Joss' work is so clearly humanist and existentialist without being preachy. And THAT is why it stood apart.

In these times full of fundamentalist (pick your freakin' religion/ideology) fervor, so certain of it's mission, faith and selfhood its a true gift to see someone say, "I don't know... I don't know...There is no endgame...I'm not sure and that's good..."

Instead, today's TV is giving us an almost medieval darkness that echoes orthodox Christian identity and eschatology-- "We are doomed to depravity...These are the end times..."

Fuck that

[ edited by hbojorquez on 2007-03-17 01:38 ]
I'll take hbojorquez's statement one further. We have a bunch of shows, like CSI:Miami and 24, where the lead character is "right", just because they are the protagonist.
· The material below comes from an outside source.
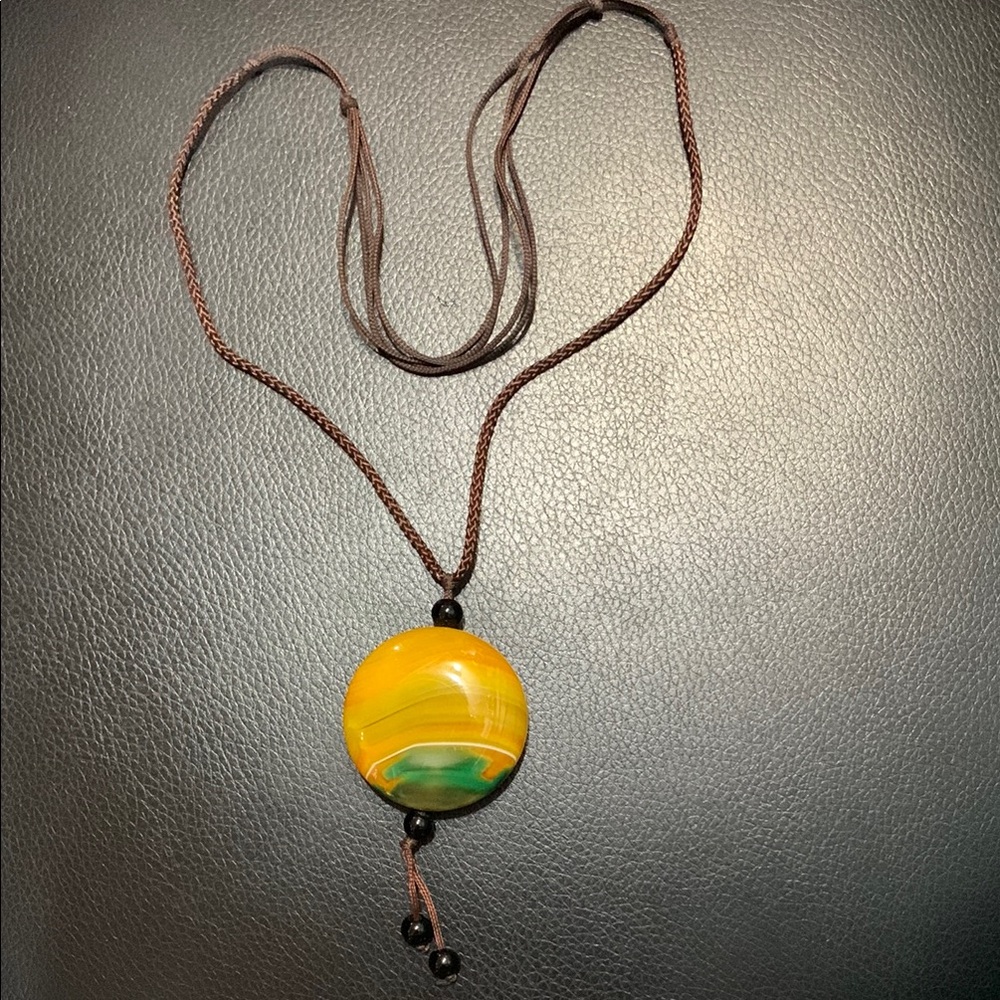Vibrant Banded Agate Necklace | Natural Yellow Green Striped Onyx Gemstone #301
There is nothing like Caruso's character deciding to harass someone he doesn't like, without a shred of evidence.

I much prefer the flawed (and very human) heroes of the Whedonverse, who fight on despite their weaknesses because if they don't do the dirty work, there is no one else who will. There is a song by the Cowboy Junkies that starts out:
The beautiful is not chosen;
the chosen become beautiful.


[ edited by OneTeV on 2007-03-17 04:12 ]
hbojorquez, that was brilliant .... if really depressing. There are shows I wont watch because of the nihlistic factor &/or just exceeding my violence & brutality quota. I watched the first episode of Dirt & it left such a bad taste in my mouth, I crossed it off my list. On the other hand I've never missed an episode of The Sopranos, & my hands-down favorite film of last year was The Departed.
Sometimes art is dark & difficult, whether comtemporary or histoical .... thinking of Rome (the series) now. The first season, I didn't think I was going to be able to handle it, now I'm totally hooked because of the fine acting & overall production values. And it's not as if I didn't already know this history, it's just never before been served up so unvarnished, in the context of a "fictional" show. And who can watch this show without thinking of the state of the U.S. in the world today?
Joss's "clearly humanist" work .... what that means to me is that his work has *heart*, hope along with the dark themes, faith in individual redemption in a world populated with monsters and monsterous social constructs.
I think the closest thing on TV today is Battlestar Galactia. Without the eccentric humor, granted. So glad that Jane E. has found a home here. The SciFi/Fantasy genera allows for exploring the darkest themes from a slight remove, even while allowing yourself to become totally imersed in the human emotion contained within the stories. The genera is, IMO, our modern equivalent of the Greek myths .... the "hero's quest". And so I hope that Joss stays with the genera.
I also love that Marti Noxon has found a home with Grey's Anatomy. I think this show is really underrated. It ain't great art, but it has the two things I associate most with Joss & company's work, genera aside .... heart, and wit. And in that sense, there is Joss influence there. It will be interesting to see where it goes from here, with Marti now on board.
Not comparing the quality of my writing (that's for other people to judge, if I could get anyone ot offer an opinio, sorry,r ant over *grin) but I recall when I did my first and so far only novel-length manuscript in high school my basic writing style was Whedonish and when my teachers looked over some pages they could only think that I was writing satire.